*What you have to do*: Present the following data again exactly as it is shown.

[Data extracted from a collection]
■ ■ ■ ■ ■ ■ ■
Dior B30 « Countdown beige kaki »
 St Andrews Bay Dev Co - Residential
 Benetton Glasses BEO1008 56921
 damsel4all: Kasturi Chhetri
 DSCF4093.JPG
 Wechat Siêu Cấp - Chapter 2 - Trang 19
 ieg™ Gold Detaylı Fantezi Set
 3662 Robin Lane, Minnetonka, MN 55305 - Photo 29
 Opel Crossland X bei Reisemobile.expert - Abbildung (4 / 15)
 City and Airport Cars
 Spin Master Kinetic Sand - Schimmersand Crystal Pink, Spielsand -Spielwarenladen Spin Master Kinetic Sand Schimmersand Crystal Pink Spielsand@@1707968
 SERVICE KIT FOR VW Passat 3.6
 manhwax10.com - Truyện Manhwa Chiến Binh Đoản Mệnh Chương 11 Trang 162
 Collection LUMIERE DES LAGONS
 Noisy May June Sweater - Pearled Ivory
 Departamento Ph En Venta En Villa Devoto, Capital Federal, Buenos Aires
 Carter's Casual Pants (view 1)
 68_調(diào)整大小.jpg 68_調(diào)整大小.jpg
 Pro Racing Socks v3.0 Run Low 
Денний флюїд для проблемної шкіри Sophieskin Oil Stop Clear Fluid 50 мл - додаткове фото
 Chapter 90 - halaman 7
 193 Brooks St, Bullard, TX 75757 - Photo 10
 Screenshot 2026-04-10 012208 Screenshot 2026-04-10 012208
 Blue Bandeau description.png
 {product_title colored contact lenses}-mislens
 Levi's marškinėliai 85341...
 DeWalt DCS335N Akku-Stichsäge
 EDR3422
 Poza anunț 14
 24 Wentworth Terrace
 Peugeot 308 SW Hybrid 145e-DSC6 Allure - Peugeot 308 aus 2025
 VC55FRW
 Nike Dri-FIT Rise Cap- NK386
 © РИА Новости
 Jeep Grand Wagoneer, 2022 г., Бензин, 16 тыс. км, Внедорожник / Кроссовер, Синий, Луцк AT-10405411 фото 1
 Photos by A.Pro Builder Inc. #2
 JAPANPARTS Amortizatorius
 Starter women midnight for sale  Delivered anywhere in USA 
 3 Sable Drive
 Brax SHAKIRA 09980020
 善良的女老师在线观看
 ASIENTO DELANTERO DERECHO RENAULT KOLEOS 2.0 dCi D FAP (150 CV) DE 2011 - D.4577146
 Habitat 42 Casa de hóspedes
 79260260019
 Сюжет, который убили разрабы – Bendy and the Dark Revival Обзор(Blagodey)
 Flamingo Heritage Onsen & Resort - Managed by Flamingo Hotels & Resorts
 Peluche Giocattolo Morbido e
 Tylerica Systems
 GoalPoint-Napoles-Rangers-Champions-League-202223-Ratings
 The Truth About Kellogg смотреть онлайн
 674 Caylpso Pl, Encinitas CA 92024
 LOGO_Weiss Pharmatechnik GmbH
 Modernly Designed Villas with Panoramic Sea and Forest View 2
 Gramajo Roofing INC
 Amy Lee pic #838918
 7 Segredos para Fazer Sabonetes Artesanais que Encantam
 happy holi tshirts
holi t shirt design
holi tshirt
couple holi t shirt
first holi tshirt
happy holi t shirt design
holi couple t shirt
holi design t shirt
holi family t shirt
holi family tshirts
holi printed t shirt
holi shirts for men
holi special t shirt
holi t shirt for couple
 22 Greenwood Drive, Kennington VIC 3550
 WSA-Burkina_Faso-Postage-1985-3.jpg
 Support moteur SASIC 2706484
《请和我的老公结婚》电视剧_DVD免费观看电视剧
■ ■ ■ ■ ■ ■ ■
*Reply to the task*:
Dior B30 « Countdown beige kaki »
 St Andrews Bay Dev Co - Residential
 Benetton Glasses BEO1008 56921
 damsel4all: Kasturi Chhetri
 DSCF4093.JPG
 Wechat Siêu Cấp - Chapter 2 - Trang 19
 ieg™ Gold Detaylı Fantezi Set
 3662 Robin Lane, Minnetonka, MN 55305 - Photo 29
 Opel Crossland X bei Reisemobile.expert - Abbildung (4 / 15)
 City and Airport Cars
 Spin Master Kinetic Sand - Schimmersand Crystal Pink, Spielsand -Spielwarenladen Spin Master Kinetic Sand Schimmersand Crystal Pink Spielsand@@1707968
 SERVICE KIT FOR VW Passat 3.6
 manhwax10.com - Truyện Manhwa Chiến Binh Đoản Mệnh Chương 11 Trang 162
 Collection LUMIERE DES LAGONS
 Noisy May June Sweater - Pearled Ivory
 Departamento Ph En Venta En Villa Devoto, Capital Federal, Buenos Aires
 Carter's Casual Pants (view 1)
 68_調(diào)整大小.jpg 68_調(diào)整大小.jpg
 Pro Racing Socks v3.0 Run Low 
Денний флюїд для проблемної шкіри Sophieskin Oil Stop Clear Fluid 50 мл - додаткове фото
 Chapter 90 - halaman 7
 193 Brooks St, Bullard, TX 75757 - Photo 10
 Screenshot 2026-04-10 012208 Screenshot 2026-04-10 012208
 Blue Bandeau description.png
 {product_title colored contact lenses}-mislens
 Levi's marškinėliai 85341...
 DeWalt DCS335N Akku-Stichsäge
 EDR3422
 Poza anunț 14
 24 Wentworth Terrace
 Peugeot 308 SW Hybrid 145e-DSC6 Allure - Peugeot 308 aus 2025
 VC55FRW
 Nike Dri-FIT Rise Cap- NK386
 © РИА Новости
 Jeep Grand Wagoneer, 2022 г., Бензин, 16 тыс. км, Внедорожник / Кроссовер, Синий, Луцк AT-10405411 фото 1
 Photos by A.Pro Builder Inc. #2
 JAPANPARTS Amortizatorius
 Starter women midnight for sale  Delivered anywhere in USA 
 3 Sable Drive
 Brax SHAKIRA 09980020
 善良的女老师在线观看
 ASIENTO DELANTERO DERECHO RENAULT KOLEOS 2.0 dCi D FAP (150 CV) DE 2011 - D.4577146
 Habitat 42 Casa de hóspedes
 79260260019
 Сюжет, который убили разрабы – Bendy and the Dark Revival Обзор(Blagodey)
 Flamingo Heritage Onsen & Resort - Managed by Flamingo Hotels & Resorts
 Peluche Giocattolo Morbido e
 Tylerica Systems
 GoalPoint-Napoles-Rangers-Champions-League-202223-Ratings
 The Truth About Kellogg смотреть онлайн
 674 Caylpso Pl, Encinitas CA 92024
 LOGO_Weiss Pharmatechnik GmbH
 Modernly Designed Villas with Panoramic Sea and Forest View 2
 Gramajo Roofing INC
 Amy Lee pic #838918
 7 Segredos para Fazer Sabonetes Artesanais que Encantam
 happy holi tshirts
holi t shirt design
holi tshirt
couple holi t shirt
first holi tshirt
happy holi t shirt design
holi couple t shirt
holi design t shirt
holi family t shirt
holi family tshirts
holi printed t shirt
holi shirts for men
holi special t shirt
holi t shirt for couple
 22 Greenwood Drive, Kennington VIC 3550
 WSA-Burkina_Faso-Postage-1985-3.jpg
 Support moteur SASIC 2706484
《请和我的老公结婚》电视剧_DVD免费观看电视剧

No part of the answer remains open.